In a relationship characterized by mutuality, all entities are interdependent, all participate in the relationship, and all benefit in a commensurate manner (Still & Good, 1992). The differentials in power between the engaged scholar-researcher and the community partner affect the level of mutuality and reciprocity in the processes, purpose, and outcome of the collaboration (Stanton, 2007). However, a theoretical conception of power can enable partners to recognize sources of power differentials as elements that can enhance or undermine reciprocity. In practice, this could mean that individuals are able to recognize how contextual aspects of their organization influence and inform the partnership.
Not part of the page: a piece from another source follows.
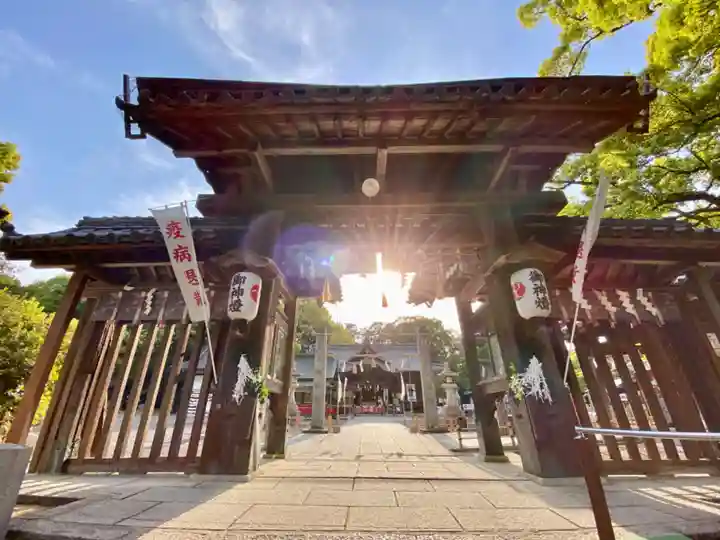 冠纓神社の山門・神門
For example, members of the professoriate are typically organized by academic disciplines and drawn to have a cosmopolitan perspective (Rhoades, 2009). Thus, the framework of the university might not be conducive to maintaining the types of partnerships that community partners’ desire. Understanding the basis for why community and universities have different orientations can help identify the origins of differentials in power.
Timing and the Academic Calendar
Cathy was confronted with a second challenge once she navigated the differentials in power tied to maneuvering through the university structure. Professor Robert, the faculty member she eventually partnered with, would not be able to start the project until the spring semester, at that point six months away. In our hypothetical example, Cathy and the community wanted to start the engagement project immediately. However, Professor Robert could not accommodate this desire because his time was limited by work requirements for the academic semester. This is a case of differences in need challenging the effectiveness of a partnership in a context of power.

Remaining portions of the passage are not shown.